So as it turns out, the ash cloud coming from Eyjafjallajökull did end up lengthening my trip abroad. It’s one of those instances where I’m in complete awe that something this random has such a major impact on everyday life. I’m really one of the few lucky people for whom this ash cloud was sort of a good thing, seeing as it’s given me almost an extra week with ma beau and a fair excuse to skip out on school (although I don’t feel too great gloating about that, heh).
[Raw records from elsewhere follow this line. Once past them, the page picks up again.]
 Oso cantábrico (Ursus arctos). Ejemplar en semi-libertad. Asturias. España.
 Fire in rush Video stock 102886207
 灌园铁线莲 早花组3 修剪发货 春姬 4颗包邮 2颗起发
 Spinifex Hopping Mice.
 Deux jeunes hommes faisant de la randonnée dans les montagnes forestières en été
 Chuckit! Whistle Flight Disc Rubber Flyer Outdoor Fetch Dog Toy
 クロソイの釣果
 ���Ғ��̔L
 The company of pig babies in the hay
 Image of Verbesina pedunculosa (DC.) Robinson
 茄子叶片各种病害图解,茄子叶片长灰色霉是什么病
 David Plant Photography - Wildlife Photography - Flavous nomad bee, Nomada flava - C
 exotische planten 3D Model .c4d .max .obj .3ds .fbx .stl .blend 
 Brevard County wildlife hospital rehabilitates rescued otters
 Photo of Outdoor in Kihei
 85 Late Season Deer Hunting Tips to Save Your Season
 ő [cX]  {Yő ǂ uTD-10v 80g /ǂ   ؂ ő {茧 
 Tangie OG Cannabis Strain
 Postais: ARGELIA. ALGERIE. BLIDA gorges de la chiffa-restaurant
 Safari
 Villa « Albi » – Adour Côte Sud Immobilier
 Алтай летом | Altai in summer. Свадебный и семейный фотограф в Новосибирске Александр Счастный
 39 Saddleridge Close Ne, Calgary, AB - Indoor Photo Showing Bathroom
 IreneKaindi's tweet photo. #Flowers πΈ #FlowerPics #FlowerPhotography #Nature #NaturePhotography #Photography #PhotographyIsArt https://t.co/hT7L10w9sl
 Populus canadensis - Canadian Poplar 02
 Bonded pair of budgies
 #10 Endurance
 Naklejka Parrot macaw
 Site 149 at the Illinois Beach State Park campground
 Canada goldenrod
Anywho, I’ll soon be on a flight back to rainy old Belgium, which I hear is having a nice bout of prettyweather-itis. I’ll be pretty darn pissed off if it starts raining again, though. But what I’m getting really excited about is the well-grounded prospect of going back home to Venezuela for the summer. It’s funny how it goes all year round, how I’m super reluctant to plan a trip there knowing that my klutziness will make it hard for me to cross them lawless streets, that the inflation makes handling money a complete headtrip for me, that I worry about safety and stomach bugs and 10-hour flights and fret about not being able to speak Spanish properly, blahblah. And then I remember the warm sidewalks, the faded shirts and baseball caps, the bright green that’s really the only shade of green that plants know over there, the cracked roads and palm trees by the seaside, the mountains that don’t surround me anywhere anymore, the people whose faces should never be mistaken for any other anywhere else. It’s what I am and what I carry, what I should never lose sight of and never disconnect myself from.
Yeah. Whatever them ash clouds allow.